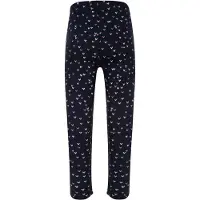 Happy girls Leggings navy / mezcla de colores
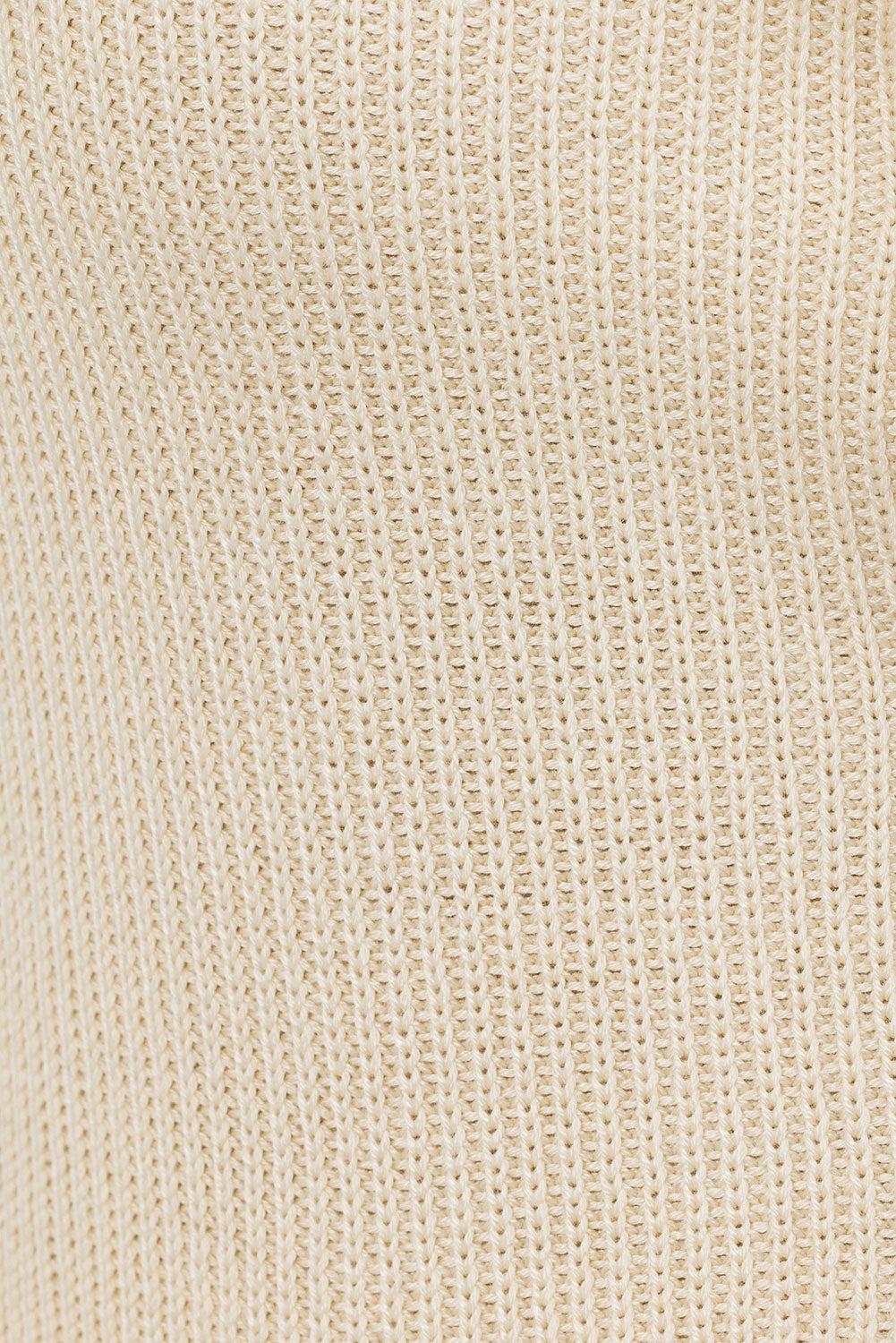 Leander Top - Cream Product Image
--
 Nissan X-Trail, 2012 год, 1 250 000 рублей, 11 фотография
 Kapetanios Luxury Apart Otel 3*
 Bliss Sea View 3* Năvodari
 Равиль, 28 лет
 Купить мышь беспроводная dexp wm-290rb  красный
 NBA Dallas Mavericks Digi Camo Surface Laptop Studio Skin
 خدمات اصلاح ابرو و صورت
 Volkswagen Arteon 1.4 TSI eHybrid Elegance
* * *
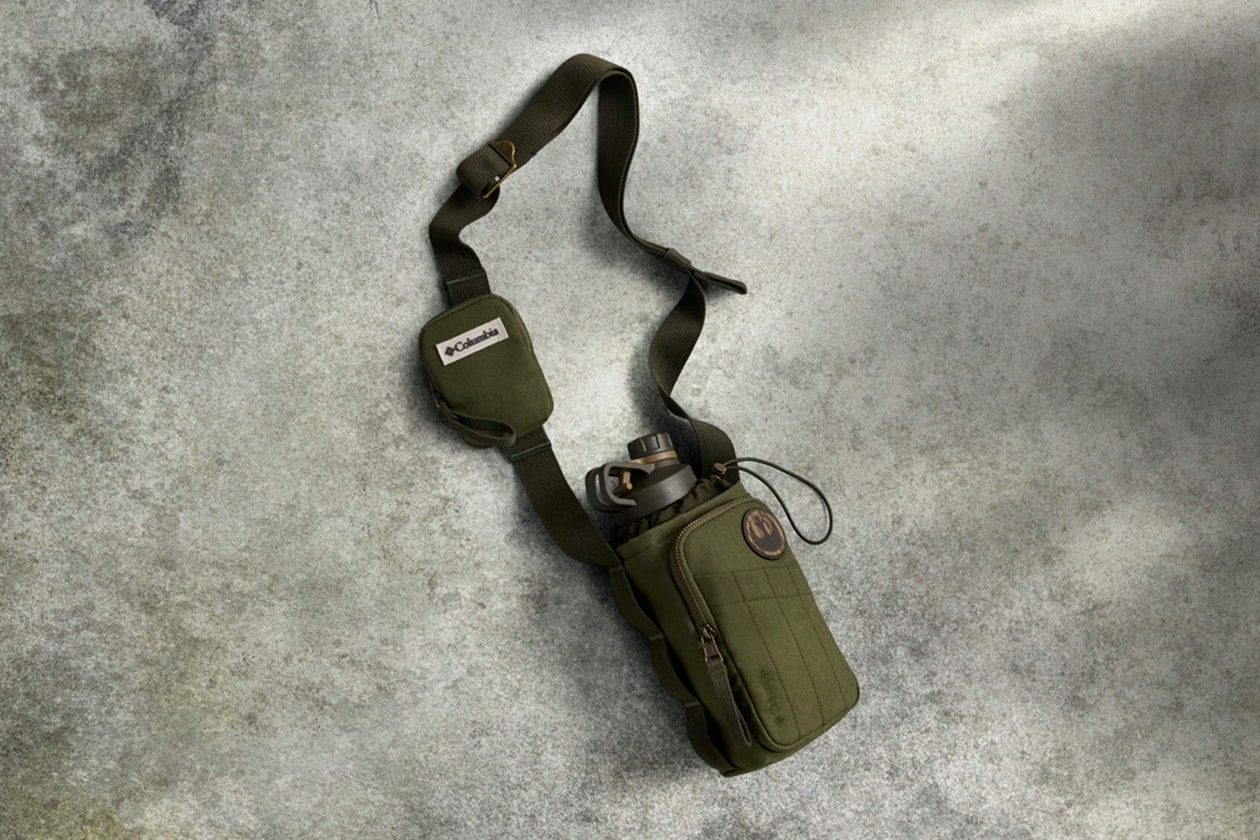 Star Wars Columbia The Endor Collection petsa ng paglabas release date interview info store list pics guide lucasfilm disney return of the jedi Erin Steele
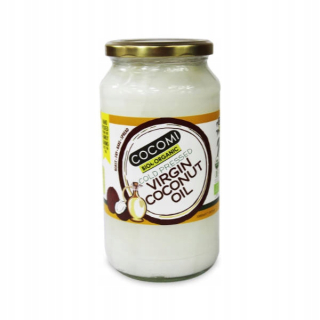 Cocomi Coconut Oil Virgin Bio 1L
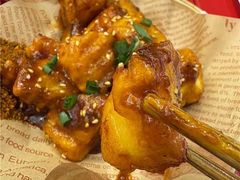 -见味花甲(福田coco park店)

- _Task requirements_
For the data above, set down exactly the lines from the line with "Happy girls Leggings" to the line with "Leander Top - Cream Product Image", both included, leaving pictures out.

- _Your response_
 Happy girls Leggings navy / mezcla de colores
 Leander Top - Cream Product Image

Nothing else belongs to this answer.